Le Président (M. Laplante): Oui, c'est pour ça que j'ai coupé tout de suite! M. le député de Deux-Montagnes.

M. Tardif: On va laisser au député de Deux-Montagnes le soin d'y répondre.

M. de Bellefeuille: Non, allez-y et ensuite je vous poserai une question.

Mme Grassby: Non, mais je crois que le concept de "bon père de famille" est très bien connu et je crois qu'on le change justement à l'Office de révision; je pense qu'on va parler de "personne raisonnable".

M. Tardif: Me Grassby, vous avez mentionné un jugement selon lequel on imposait l'obligation de détruire les coquereIles qui se trouvaient dans le logement au moment de la signature du bail, sans détruire les coquerelles plus récentes. Pourriez-vous nous dire qui est l'auteur de cette pièce d'anthologie? Où ça s'est passé, à quelle date, etc.?

Mme Grassby: Malheureusement — heureusement, je n'ai pas vu les coquerelles — je n'étais pas présente en cour quand ce jugement a été rendu, mais c'était il y a quelques années, justement quand on commençait à faire une jurisprudence avec les requêtes pour rétention de loyer; cela a été plaidé par un confrère devant la Cour provinciale, la cour de pratique, et c'était sur le montant d'argent qu'on devait retenir.
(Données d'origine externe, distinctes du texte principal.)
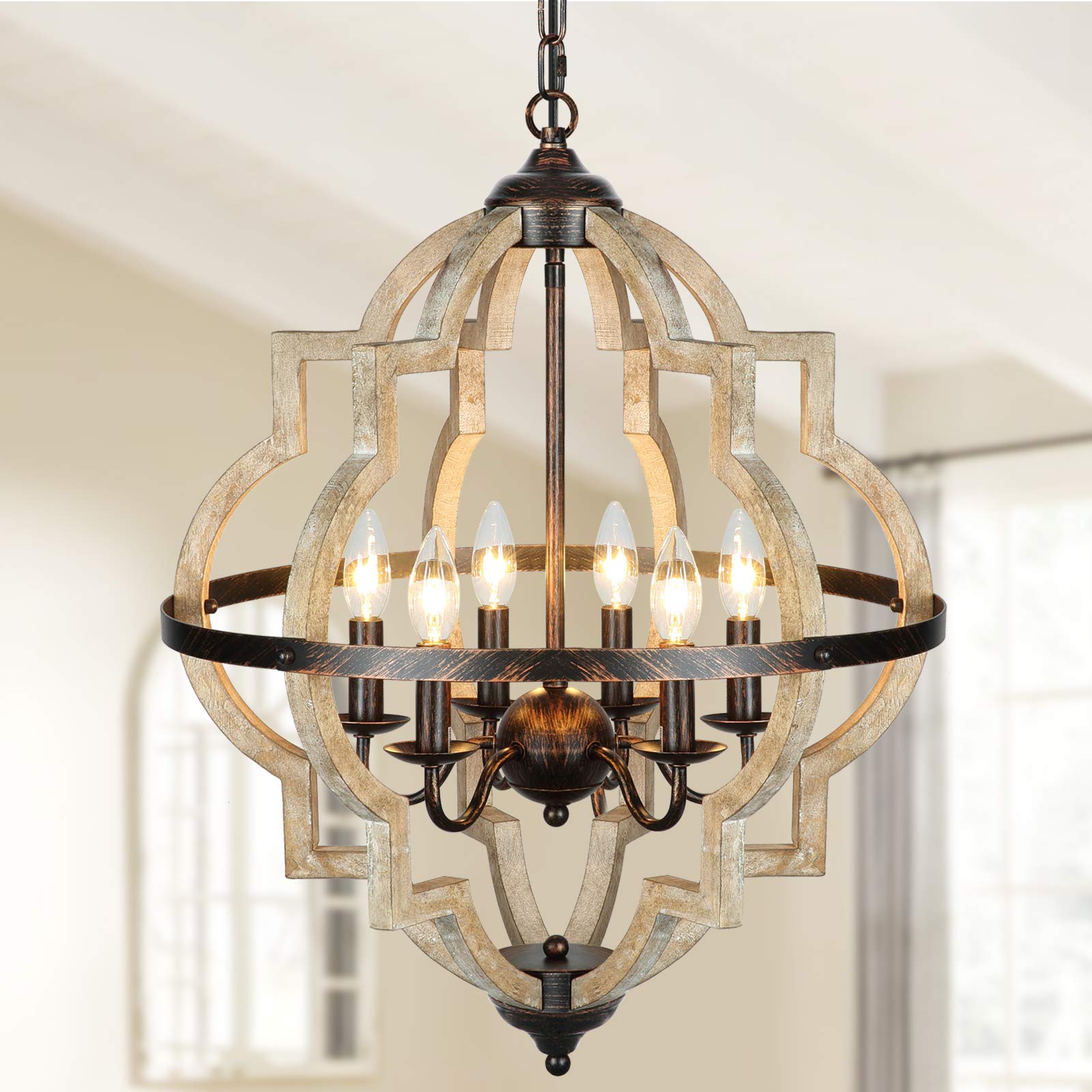 Orb 6-Light Farmhouse Chandelier - 21.3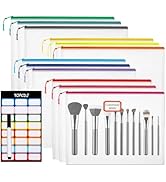 YOPCDJ 12pcs Mesh Zipper Pouch Bags, A5 Puzzle Bag (12 Colors, 12 Packs) for Organizing, Classroo...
Le juge

avait dit: On retiendra le montant nécessaire pour lui donner le droit de fumiger tous les petits animaux, mais pas de retenir le plein paiement de son loyer.

Le Président (M. Laplante): Le mot de la fin, M. le ministre.

M. Tardif: M. le Président, je suis tout à fait d'accord qu'il nous faut chercher des moyens, dans la méthode de fixation, pour tenir compte de la détérioration des lieux ou des services.

De deux choses l'une, ou bien il s'agit d'une détérioration graduelle des lieux qui fait que les logements tomberont en décrépitude et seront éventuellement démolis ou abandonnés ou jugés impropres à l'habitation, ou bien il s'agit de diminutions spécifiques de jouissances ou de pertes de services pour un moment X: accès à la piscine, accès à un garage, etc.

Dans le deuxième cas, il y a l'article 1610 qui existe et qui prévoit une réduction de loyer pour... et un réajustement possible lorsque les services reviennent, tandis que dans le cas no un, c'est une baisse continue de la qualité qui est peut-être beaucoup plus difficile à apprécier dans le temps que celle d'un arrêt subit d'un service connu. (12 h 30)

Mais, cela dit, la méthode de fixation sera publiée par règlement, ce qui n'a jamais été fait depuis 25 ans; nous allons tenter de tenir compte de ce facteur qualité. Si vous avez là-dessus des suggestions soit maintenant, soit plus tard, et que vous vouliez en faire part à cette commission, au ministère ou à la régie, vous serez la bienvenue. Je vous remercie.

Le Président (M. Laplante): Merci, Mme Grassby. Les travaux de cette commission, vu que c'était le dernier mémoire à être entendu, sont ajournés sine die.